Dive Brief:
- King County, Washington — home to 2.3 million people in and around Seattle — will not allow government acquisition and use of facial recognition software, including by the Sheriff's office, per an ordinance the county council unanimously approved last week.
- Although many cities across the U.S., including Boston, Minneapolis and New Orleans, have passed some form of bans largely limiting government use of the technology, King County says it's the first U.S. county to pass such a ban. The King County ban does not address private or commercial use of the technology like a 2020 Portland, Oregon, law did. It also includes an exception for potential use in cases involving missing children, to comply with the National Child Search Assistance Act.

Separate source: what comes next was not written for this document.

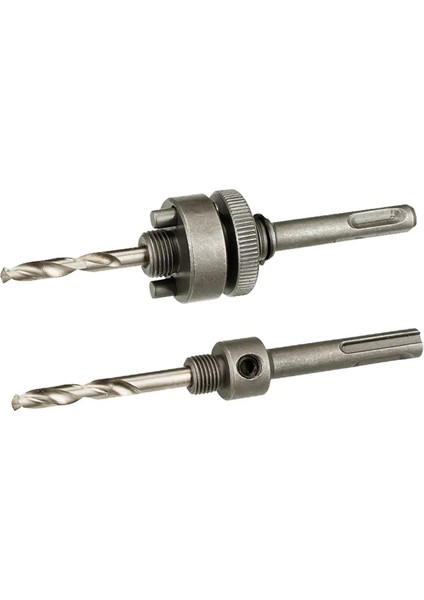 Tomax Sds Bi-Metal Panç Adaptörü 32-210 mm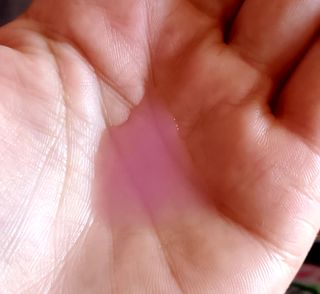 이지듀 리더마 마스터 앰플 1ml x 20 바이알 — 5점을 준 리뷰어가 2021년 1월 올린 사용 사진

- With the Seattle area being a home for tech giants and facial recognition software providers Amazon and Microsoft, the action to largely limit the category's applications is especially significant, said Brian Hofer, chair and executive director of Oakland, California-based Secure Justice, an organization that stands against government and corporate over-reach. "Symbolism does have real value ... it sends a message specifically to those companies marketing this technology that at least there in the county, a [significant] portion of the community does not want this technology to be used," Hofer said.
Dive Insight:
Facial recognition systems can in part analyze surveillance images to enable law enforcement or other actors to identify individuals. But despite the possible contributions of such capabilities in criminal investigations, the technology prompts invasion of privacy concerns and is shown to have misidentified people of color at a significant rate compared to White people. In a 2019 federal study from the National Institute of Standards and Technology, Asian and African-American faces were misidentified up to 100 times more often in some algorithms conducting one-to-one matching.
Minimal guardrails exist at the state or federal level, and local jurisdictions have increasingly taken matters into their own hands.
In King County, "The use of facial recognition technology by government agencies poses distinct threats to our residents, including potential misidentification, bias, and the erosion of our civil liberties," said Councilmember Jeanne Kohl-Welles, who sponsored the legislation, in a statement. "The use or misuse of these technologies has potentially devastating consequences which the new ordinance will help to prevent."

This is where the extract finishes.